When is the Commission planning to present the reviewed text of the EIA Directive? Which option is the Commission likely to choose in order to guarantee the independence of the environmental assessment?
Janez Potočnik, Member of the Commission. − It is true that under the Environmental Impact Assessment (EIA) Directive, the responsibility for gathering the necessary environmental information and submitting it to the public authorities is given to the developer. However, this does not result in an opaque and partial EIA process as the Directive contains several safeguards which ensure a transparent and objective environmental assessment of projects.
These safeguards are to be found, firstly, in the description of the minimum information to be included in the environmental impact assessment report which is required by the EIA Directive and, secondly, in the consultations with the competent environmental authorities and the public. Indeed, all the information provided by the developer has to be made public to the environmental authorities and the public, which have to be consulted.
The accuracy of this information can be challenged at any point of the consultations, before the final decision is taken. This means that the competent environmental authorities can use their own capacity to proceed with a proper assessment of the information provided, while NGOs or interested parties can – and very often do – challenge the whole assessment on the basis of the data provided, in case they do not reflect the real situation or omit clearly to conform to the requirements of the EIA provisions. The final decision to grant or refuse development consent must take into consideration the results of consultations and the information gathered and must contain the main reasons on which it is based. All this is also made available to the public.
But, to be honest, your question is very relevant. After more than 20 years of implementation, we have identified the areas where improvements are needed and reached the conclusion that the EIA Directive should be reviewed. My objective is to present a new text which will further improve environmental protection, take on board the challenges in the areas of climate change, energy and biodiversity, integrate the ECJ case-law and harmonise and simplify, to the extent possible, existing procedures.

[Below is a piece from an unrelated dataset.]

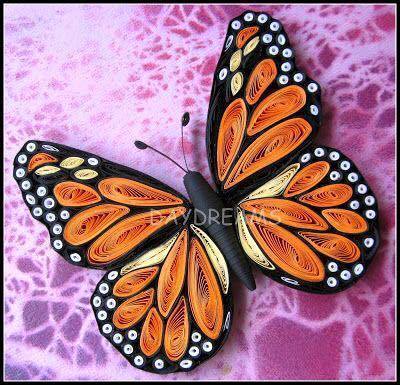 Бабочки в технике квиллинг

In this context, the overall quality of the environmental assessments will be a central issue, and there is certainly room for improvement. On the one hand, the quality control of the EIA documentation submitted by the developer could be improved. On the other hand, the quality of the EIA process itself could be reinforced.
My services have already started working on the review of the EIA Directive. By the end of June, a broad consultation of the public and of the stakeholders will be launched. You are of course invited to participate and also express your views.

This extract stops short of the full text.